Linking errors are often caused by missing subroutines or functions which are supposed to be linked with. If an error message says ERROR: Undefined symbol: XXX, first of all you need to find out whether XXX is supposed to be from the application package or be provided by an external library. For the former case, the user should check whether some files were not correctly compiled or some symbols (names of functions or subroutines) were changed by compilers especially for mixed-language (e.g. C, Fortran) applications. For the latter case, you should check whether the path to the library is missing or incorrectly set. (3) Runtime errors There are many different types of runtime errors. A very common runtime error is Cannot find ***.so. That usually means some shared runtime library is not available. Check the environment variable LD_LIBRARY_PATH to make sure the path to the shared library is correctly set. The runtime library requirements of an executable can be checked with the ldd utility. (4) Wrong results If you are sure that the correct input file is used and the application finishes running normally but the results are not correct, the first thing you can try is to lower your optimization level and recompile and rerun the application.
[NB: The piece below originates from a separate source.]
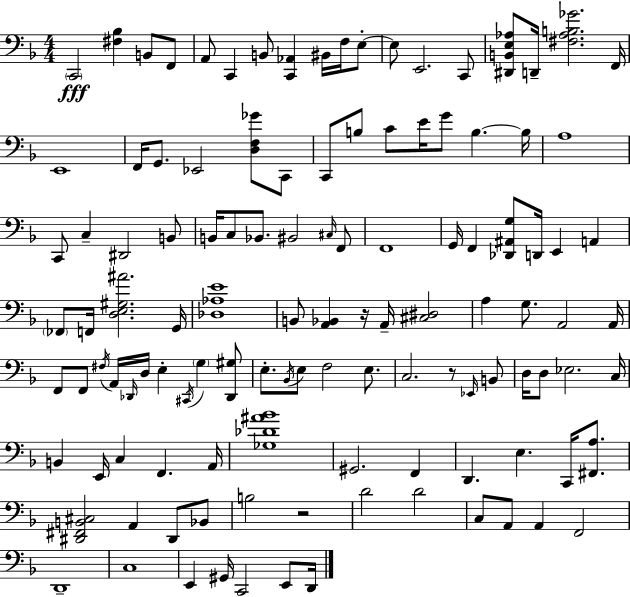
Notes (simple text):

If the problem persists, you may need to apply some debug tools (e.g. TotalView) to analyze the cause or even report the problem to the application developer. (5) System problems The systems or any part of the systems can go wrong for some reasons. If you suspect any system problem, please report it to Help at help-hpc@uky.edu. Just make sure that the problem you are experiencing is not from your application side before you report. 3. How do I make my application run faster? This is the most sophisticated part in HPC practice and is an endless effort. If you are just at the very beginning of parallel programming and already feel overwhelmed to get your application work, you probably should skip this part for the time being. If you are really concerned about your application performance, here are the steps you can consider: (1) Try different optimization level or different option sets. (2) Tune runtime environment variables available. (3) Compare the performance among different compilers or MPIs or the combinations. (4) Link with tuned or optimized performance libraries if possible. e.g.

If your application uses BLAS routines, you can link your application with IBM ESSL library (on p575 cluster) or Intel MKL (on HS21 BladeCenter cluster). (5) Do profiling and identify hot spots and apply appropriate hand-tune strategies.